Undercover Cockup

The sleazy nightclub district of my city seethes each night with energetic youth intent on having a good time, and bully for them, I say. But it is the next day that the cleanup must be done, by older men in trucks, with hoses and stiff-bristled brooms, who sweep the night’s detritus gutterward, where cigarette butts, bottles and cans and plastic packaging flows on a solution of diluted vomit that still reeks of alcohol.
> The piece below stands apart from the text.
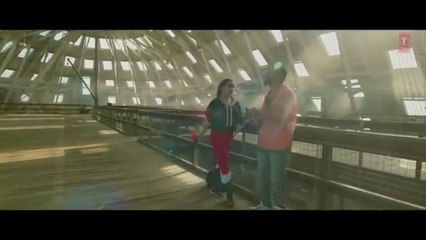 LAGDI LAHORE DI - Street Dancer 3D - Varun D  Shraddha K - Guru Randhawa  T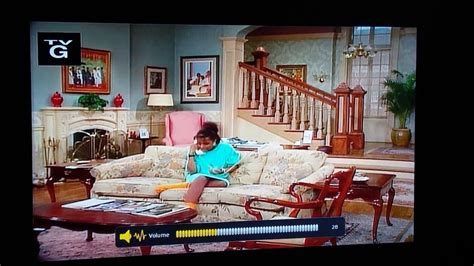 Cosby Show Living Room Set Baci Living Room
When I arrived there –just passing through, on my way to an appointment- the streets were almost empty. A loose bunch of casually-dressed men were window-shopping outside the string of adult stores and a scruffy woman emerged from the all-night souvlaki bar, where I was headed for a ****. She held up a cigarette and asked if I had a light. I patted my pockets and found my lighter, handed it to her and repocketed it when she returned it. Then I ducked inside the souvlaki bar and headed straight for the toilets at the rear.
As I re-emerged onto the street, one of the young men in casual clothes approached me, with a silver badge held in one hand. The others –perhaps five in all- surrounded me.
“Police,” the first guy told me. “Come with us,” –and led me fifty metres along the footpath to a laneway.
“Empty your pockets,” the first cop ordered, adding “Slowly”.
So I removed my phone, my wallet, and perhaps a handkerchief from my pants pockets. I saw one cop open my wallet and sort through my cards.
“If you don’t mind my asking, why are you on a pension?” he demanded.
“It is a Carer’s Pension,” I told him. “My wife is an invalid, and I am her Carer, and our son’s.”
A third cop bent and ran his finger inside my socks, then up my legs to my crotch.
“If you don’t mind my asking, are you actually allowed to do this on the street?” I asked him. “I mean, we have only just met... no candlelit dinner, no flowers, and you’re already getting intimate...”
Nobody laughed. I saw some office workers in a first floor building across the street from the laneway looking down at the action unfolding beneath them. I gave them the finger.
“We can take you to the station and do it if you like,” the first guy told me.
“Ahh... no. Here is fine,” I told him. “I have nothing to hide.”
I had forgotten the tiny ball of aluminium foil in my breast pocket, with its little bud of cannabis inside, until the third guy found it with his probing fingers.
“Here we are!” he crowed, holding it up for all to see.
“Oh... that’s just a little bit of green,” I told them.
“Really?” said the guy in charge. He turned to the cop with my tiny stash. “Open it carefully,” he instructed. “We don’t want the powder to blow away.”
I shook my head.
“It isn’t powder,” I insisted. “It’s just a tiny bit of pot.”
The other cop carefully peeled open the foil, revealing the truth of what I’d told them.
I heard a chorus of disappointed grunts from the posse of police.
“Are you going to arrest me for that?” I asked the cop in charge.
“We could,” he said.
“Well yeah, you could,” I taunted. “And wouldn’t you be the heroes of the station? Five cops to bring in one guy with a tenth of a gram of cannabis! Wow! That would surely earn you all a promotion, wouldn’t it?”
The cops all looked at each other sheepishly. They realised that they had the wrong person. The cop in charge handed me back my minute foil parcel, still open.
“Tip it out,” he ordered. “Onto the ground.”
I shook my head slowly, but obeyed.
“Now grind your foot on it,” he said.
I looked down and saw the miniscule amount of grass sprinkled across the pavement of the laneway, and ground it with the sole of my shoe into the dusty asphalt.
“OK,” the cop said. “You can go.”
I looked around at all those cops and laughed, and left.
 *  *  *  *  *  *  *  *  *
I later found out that the scruffy woman who had bummed a light off me was a known heroin dealer called Mouse, and realised that when they saw me hand her my lighter the cops must have thought I was her dealer. Clearly, their undercover operation on the street had failed.
amberdextrous amberdextrous
51-55, M
2 Responses Aug 6, 2012

you make those cops look like real a$$holes but you seemed to stand up to them. their guy was laughing at the whole scene from his suite above the office workers. what is this world coming to? a TV show?

Those cops WERE real arseholes, clarkee! I felt it was my duty to stand up to them, though I am unlikely to have given them any backchat if I had been busted with anything more serious than the little bit of pot they found in my pocket. And You are right about the TV show feel to the whole thing. I felt like asking which of them were Starsky and Hutch.

That makes two people in your life so far who became the subjects of great stories all because you gave them a light! The police really love you, don't they? Too bad about losing your "green" though!

Thank You for pointing that out, perseverer... Now I come to think of it, giving someone or asking someone for a light has led to other, further outcomes still... including long-term friendships.

Who says smoking is not a social habit?